La structure la plus ancienne de la Maison du Brésil a été construire par Mama Nassu, un vieillard respecté qui faisait partie du groupe des revenants, et est la première jamais construite sur ce bout de terre. A l’intérieur de ces murs, la famille Nassu s’est rapidement aggrandie, la première génération de ses enfants se mariant dans la famille royale d’Otublohum, s’intégrant encore davantage dans la société locale.

Dans les années 1850-1860, Accra a été le témoin de l’apparition d’une caste d’entrepreneurs composés de chefs, d’hommes d’affaire et de petits commerçants, travaillant pour et par l’intermédiaire d’Européens à Accra, pendant que les années 1870 ont été une période au cours de laquelle ils ont pu exercer leurs nouvelles compétences dans un commerce différent et à la croissance rapide.

L’avènement de la Révolution industrielle a poussé de nombreux manufacturiers à se tourner vers l’Afrique de l’Ouest pour les cerneaux et l’huile de palme, utilisés comme lubrifiant machines et comme ingrédient principal dans la fabrication du savon et de la margarine. [9]

L’arrière-cour de la Maison du Brésil, le port de Jamestown, devint un site vital pour unz nouvelle flotte de bateaux à vapeur dont le service plus rapide et la capacité supérieure de transport de marchandises a stimulé le commerce et a entraîné les économies locales de l’Afrique de l’Ouest à intégrer davantage le courant du système capitaliste mondiale.

En quarante ans de vie sur la Brazil Lane, la famille de Mama Nassu s’est étendue par l’union de sa fille et d’un membre royal du clan de Otublohum. Ses petits-enfants ont commencé à vivre avec leur double identité, celle des Otublohum et celle des Tabon. Cette génération a été le témoin de la naissance d’une ville d’Accra profondément différente et de son expansion effrénée, l’amenant à s’adapter d’une façon aussi bien caractéristique des Brésiliens que de la société Ga.

On vivait l’amorce d’un changement dans le système économique jusque là basé sur la richesse en personnes – esclaves -, pour aller vers une richesse fondée sur la terre et la propriété. Le déclin du premier système, en accord avec la Gold Coast law anglaise, et la croissance rapide du second résultant du commerce avec l’Outre-mer, se reflète concrètement lorsque Kofi Acquah, le petit-fils de Mama Nassu, démolit le bâtiment originel à un étage de la Maison du Brésil, pour la reconstruire en plus grand, sur deux étages qui ont été ensuite loués à des commerçants étrangers pour cinquante ans.
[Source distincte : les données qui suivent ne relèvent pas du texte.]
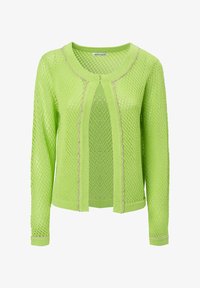 Valgt, lime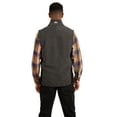 thumbnail image 4 of Trespass Gilet en Molleton pour Hommes Jynxless, 4 of 7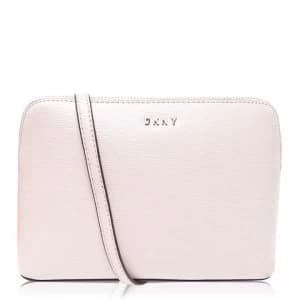 DKNY Bryant Dome Bag - Eggshell EGS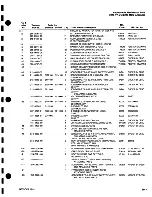 Preview for 419 page of Tektronix 2246 1Y Service Manual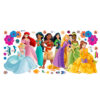 Disney Princess Wall Decals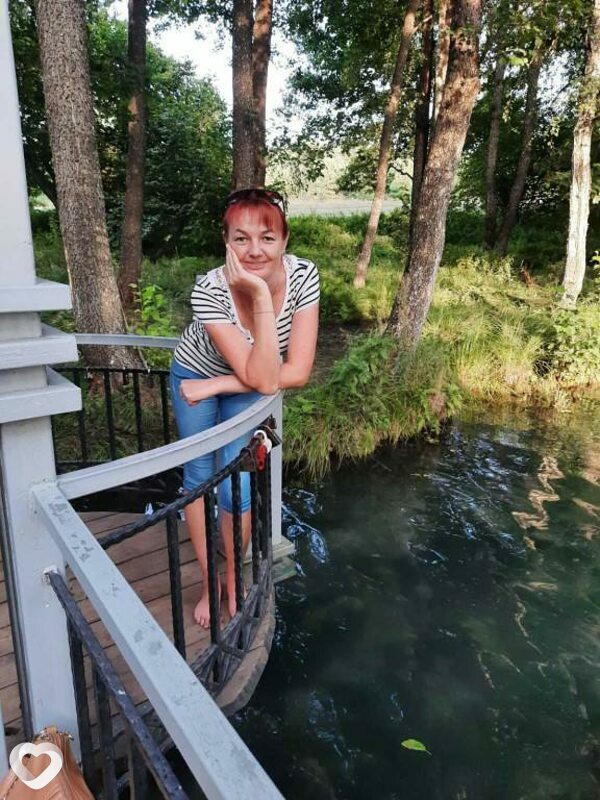 Танюшка, 38, Славгороде — анкета №38081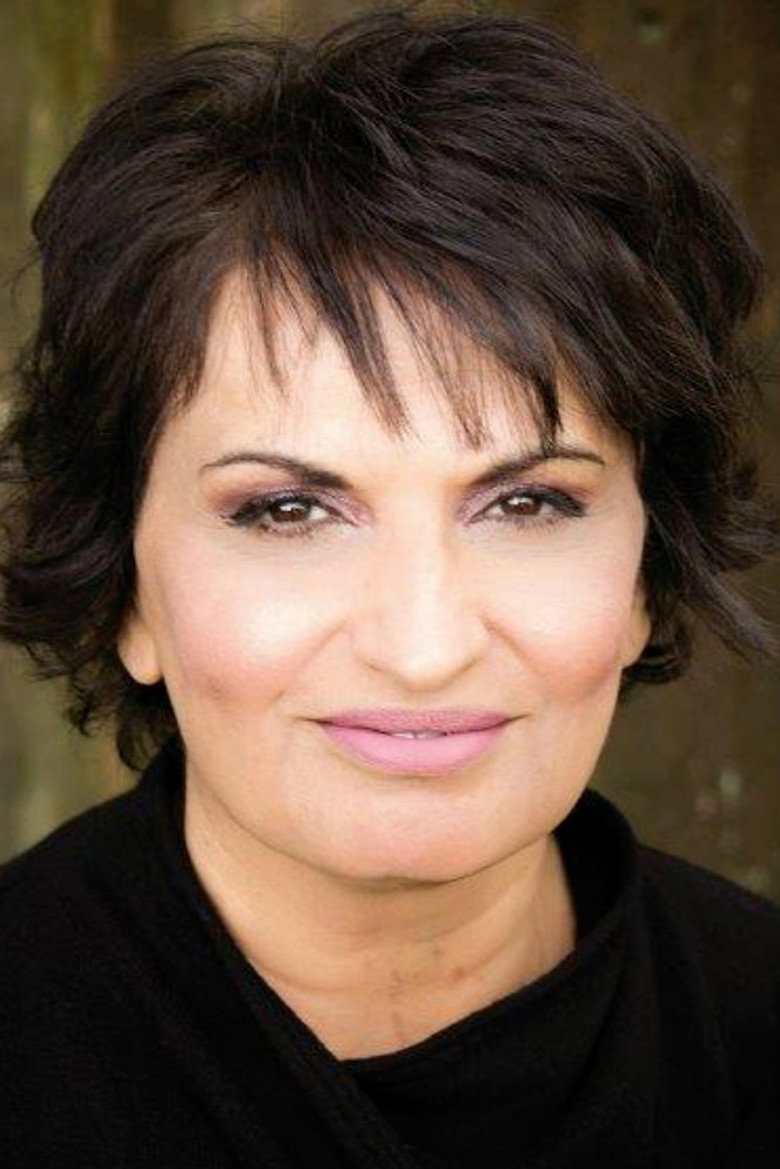 Jinder Oujla-Chalmers portrait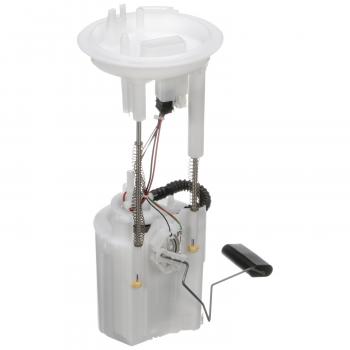 2018 Audi Q3 Fuel Pump Module Assembly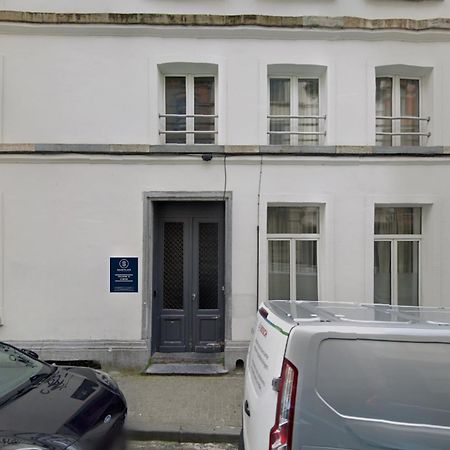 Smartflats - Louise Brussels Apartment ภายนอก รูปภาพ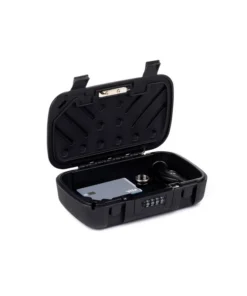 Caja Fuerte Portátil – Surflogic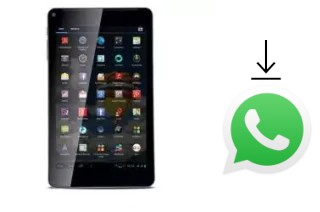 Comment installer WhatsApp dans un iBall 3G 7345Q-800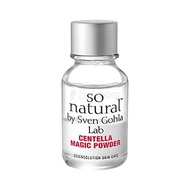 SO NATURAL Centella Magic Powder 18g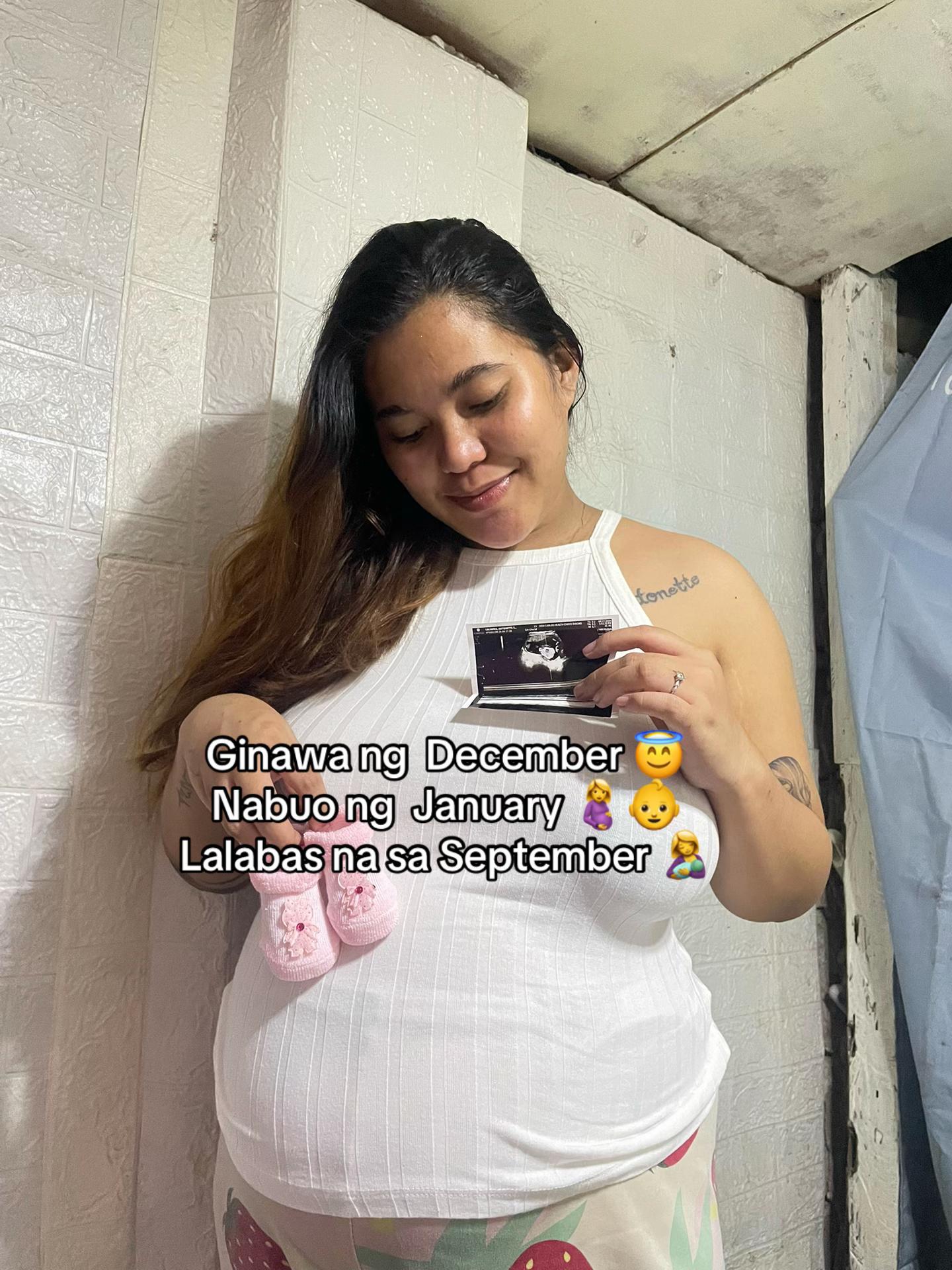 @Mommy Tonette 🩷🤰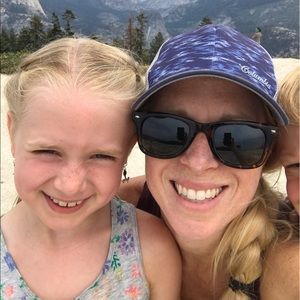 Meet your Posher, Joanna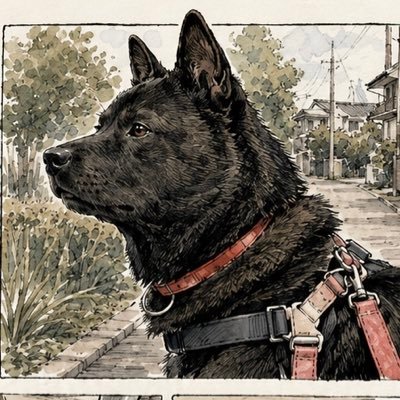 寅次の日常's profile picture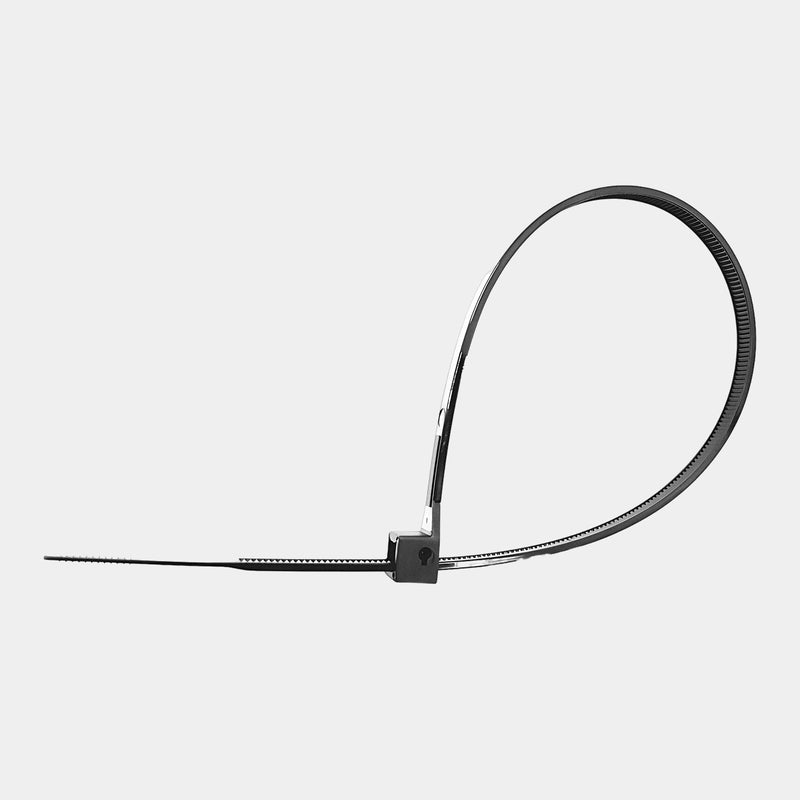 Wiederverwendbare Polizeiband mit Schlüssel - TCH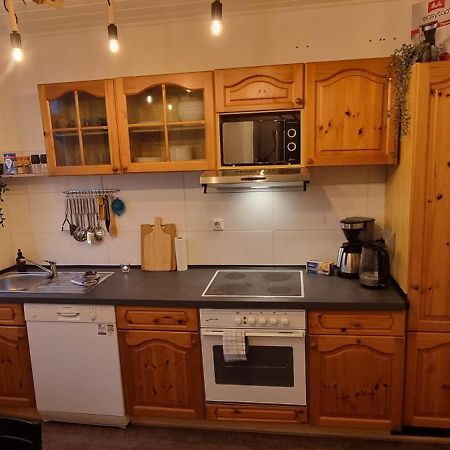 Nigella Apartment Direkt Am Hauptbahnhof Celle Fur 6 Personen Mit Kostenfreiem Parkplatz Voll Ausgestatteter Kuche Elite Standard 外观 照片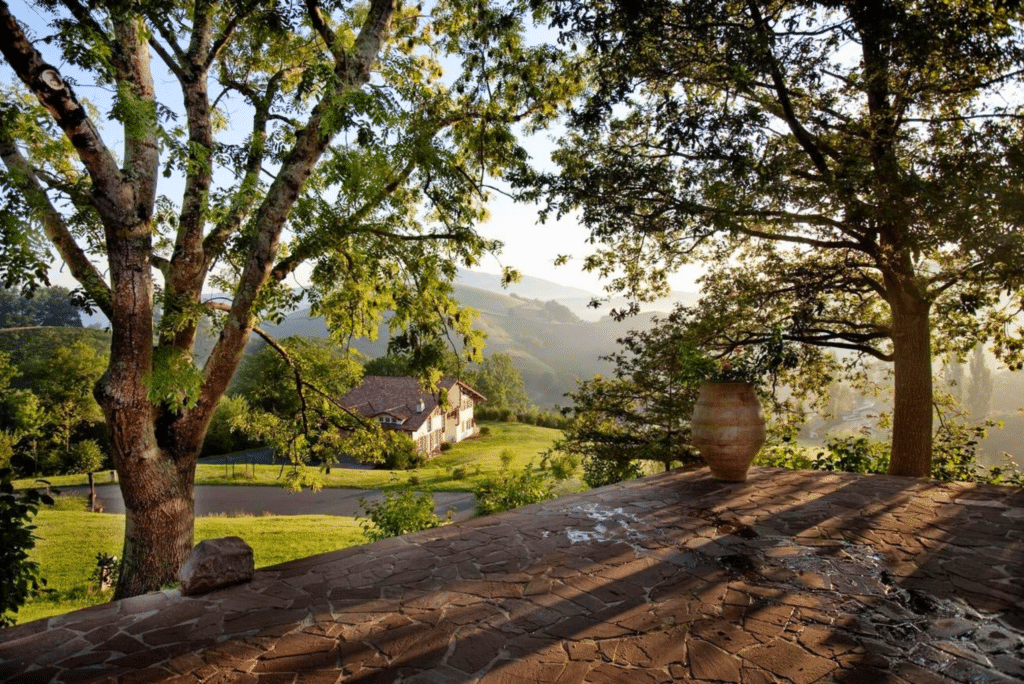 Auberge Ostape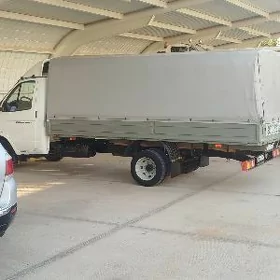 Gaz Gazel 2015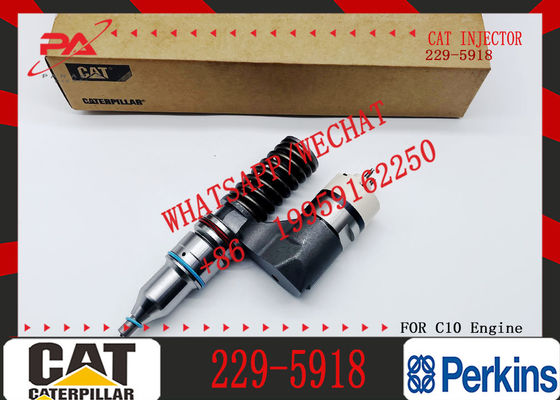 Injector 212-3462 212-3465 212-3468 223-5328 229-5918 317-5279 317-5278 350-7555 20R-0055 20R-0056 0R-4987 0R-9530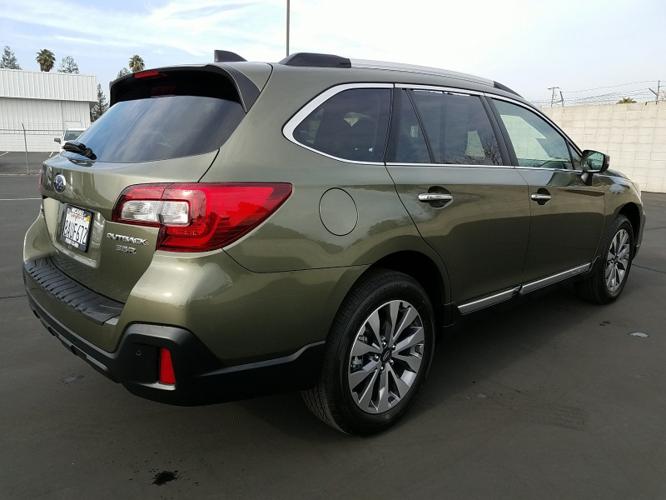 used 2018 subaru outback touring fresno, ca 93704 for sale in fresno, california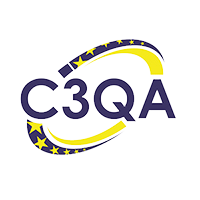 C3QA logo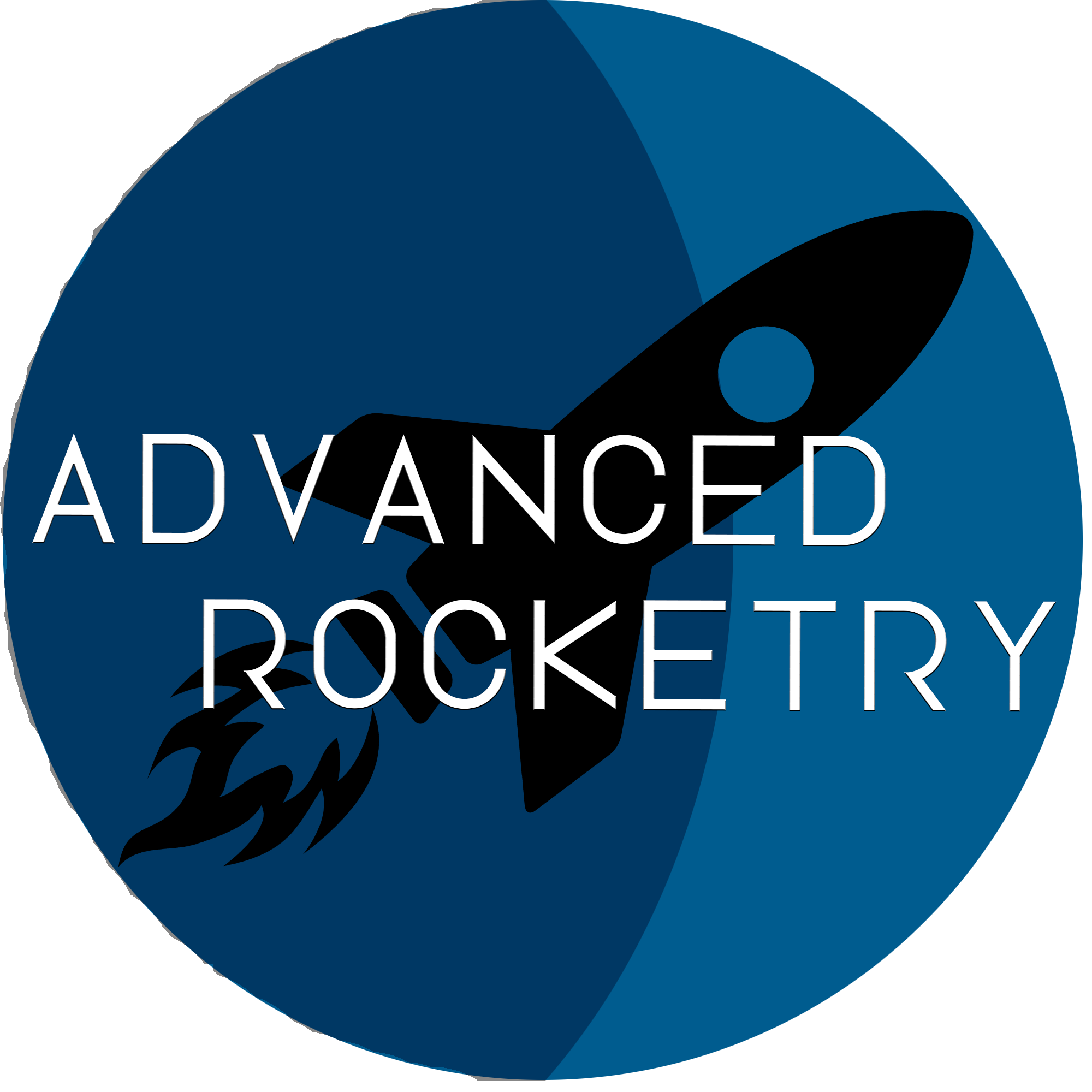 Advanced Rocketry project avatar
Kofi Acquah nomma la nouvelle structure la "maison Warri", du nom du port nigérian où il avait travaillé pendant de nombreuses années, acquérant aussi bien du capital qu’une bonne appréciation de l’architecture afro-brésilienne construite par ceux qui étaient revenus du Brésil pour s’établir au Nigeria.

La Maison du Brésil au Nigeria représentait un symbole de la modernité et un reflet de la situation économique de l’époque. La maison à un étage, avec ses deux trois chambres modestes, n’était plus perçue par la population locale comme un signe extérieur richesse. Leur nouvelle approche du commerce avec l’outre-mer se traduisait dans la construction de maisons à deux étages, recouvertes de stucs fait de ciment et d’une toiture de tôle ondulée importés. [10]

De la même manière, l’émergence dans le paysage d’Accra des constructions à deux étages des marchands étaient la manifestation hardie d’un pouvoir défiant les structures à un étage des rois et des chefs locaux. Au final, les changements intervenus dans le domaine de la religion, des structures familiales, de l’économie et de la politique ont fait que les Nigérians qui montaient dans l’échelle sociale ont choisi comme nouvelle demeure une Maison brésilienne.[11]

L’ère des locations se termine en 1974, lorsque la petite-fille de Mama Nassu, Adélaïde Apponsah Acquah, revint avec son mari, William Lutterodt, dans la Warri House, pour y élever sa famille. A cette époque, la grande municipalité d’Accra commençait à prendre la forme de la vision nationaliste du premier président du Ghana, Kwame Nkrumah. Le développement d’un mouvement architectural tropical moderne, par le travail des urbanistes et des architectes a affecté Jamestown d’une façon remarquable - transfert du port dans la nouvelle capitale industrielle, Tema - la reléguant pour toujours à la fonction de centre de la vieille ville.

La famille Lutterodt suivra le chemin de la transformation urbaine lorsque le chef de famille, William Lutterodt, déplaça sa famille à Tema en raison d’un emploi prestigieux dans l’administration, laissant la Maison du Brésil à d’autres descendants de la famille Nassu. Warri House devient le foyer d’un nombre croissant de locataires à la recherche d’un logement devenu rare à Jamestown. Au cours des trente années qui ont suivi, la structure physique de la Maison du Brésil commença à se détériorer avec l’augmentation du nombre de résidents par ménage, dans une partie de la ville très densément peuplée. En 2001, Warri house était devenu un espace submergé qui, à des fins de rentabilité, avait été divisé en petites parties partagées entre 84 locataires.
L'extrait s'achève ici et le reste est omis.